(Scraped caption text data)

----

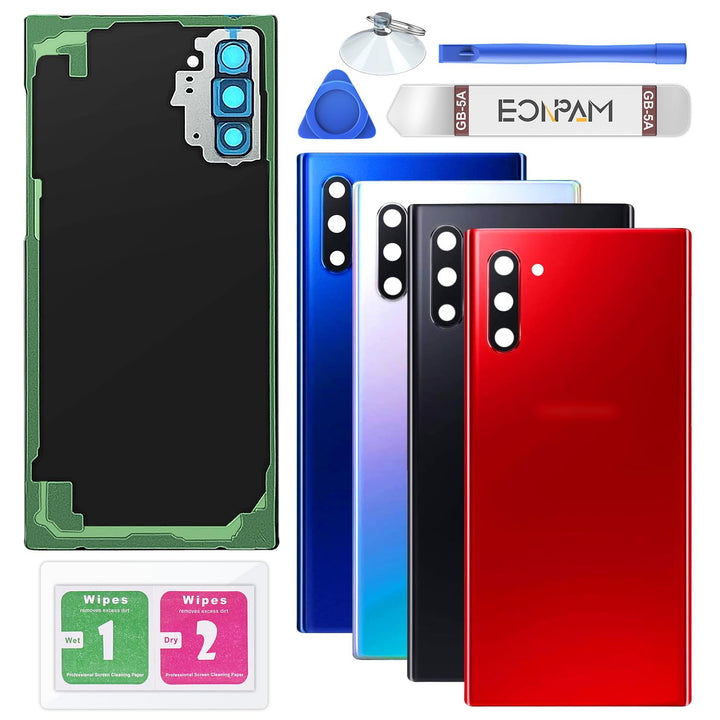 Eonpam Akkudeckel für Samsung Galaxy Note 10 N970 Rückseite Glas Original Backcover Back Glas Ersatz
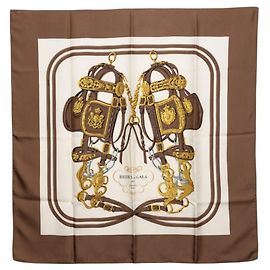 Hermès Hermes Carre 90 BRIDE de GALA Sciarpa cerimoniale Marrone Giallo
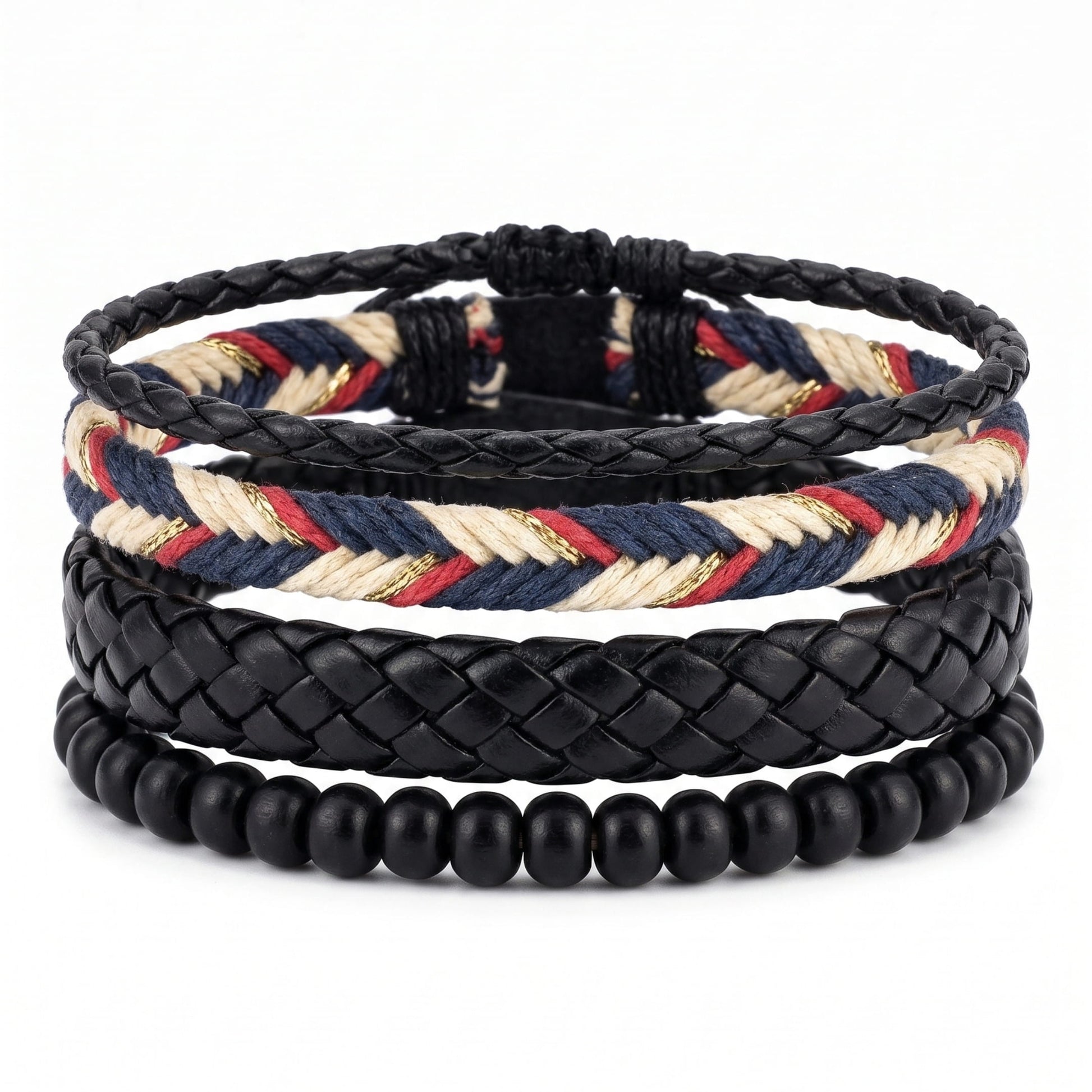 THE MEN THING Leather Bracelet PATRIOT BRAID - 3Pcs Genuine Leather Adjustable Bracelets Set for Men & Boys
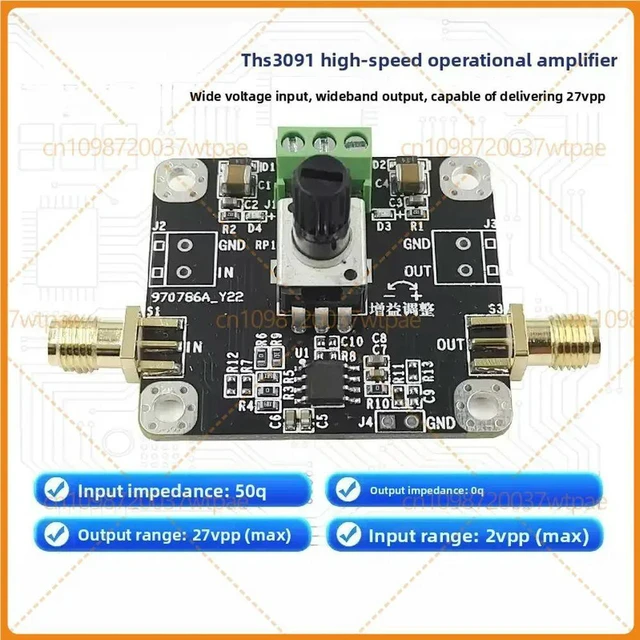 Alt view image 4 of 6 - For THS3091 HighFrequency Operational Amplifier Module,210MHz Bandwidth CurrentFeedback,Adjustable Gain,27V Output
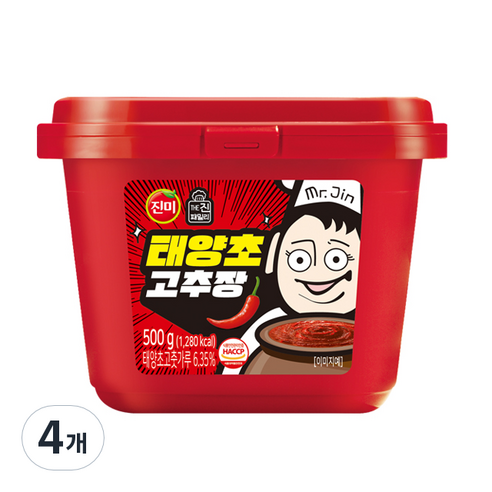 진미 태양초 고추장, 500g, 4개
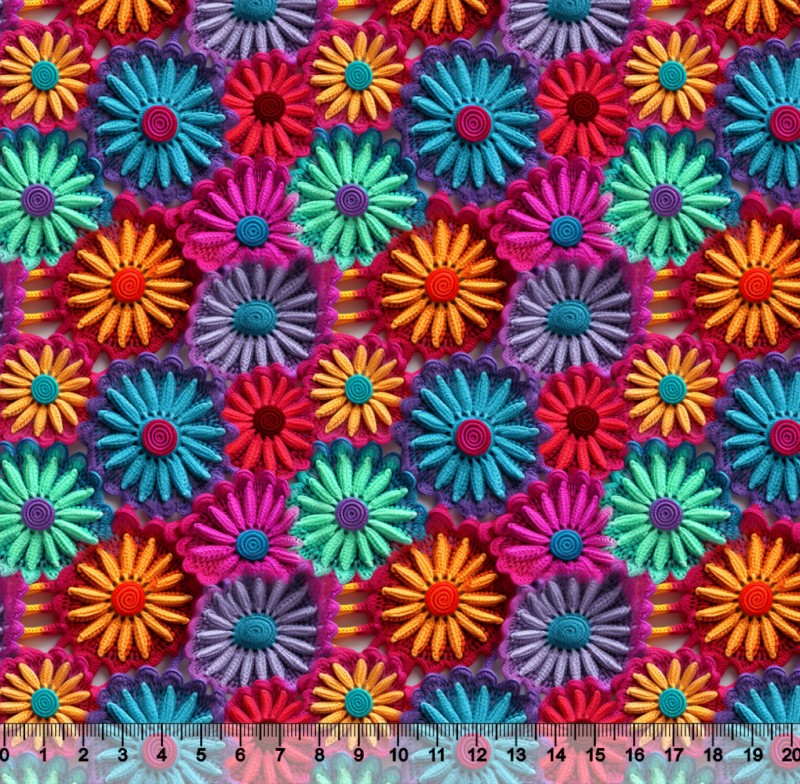 Tecido Tricoline Floral Bordado Color 26 3D - 81384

----

» **EXERCISE**:
Take the line containing "THE MEN THING" as the first line and the last line of the data above as the final one, and output exactly the lines between them, inclusive, with no pictures.

» **OUTPUT**:
 THE MEN THING Leather Bracelet PATRIOT BRAID - 3Pcs Genuine Leather Adjustable Bracelets Set for Men & Boys
 Alt view image 4 of 6 - For THS3091 HighFrequency Operational Amplifier Module,210MHz Bandwidth CurrentFeedback,Adjustable Gain,27V Output
 진미 태양초 고추장, 500g, 4개
 Tecido Tricoline Floral Bordado Color 26 3D - 81384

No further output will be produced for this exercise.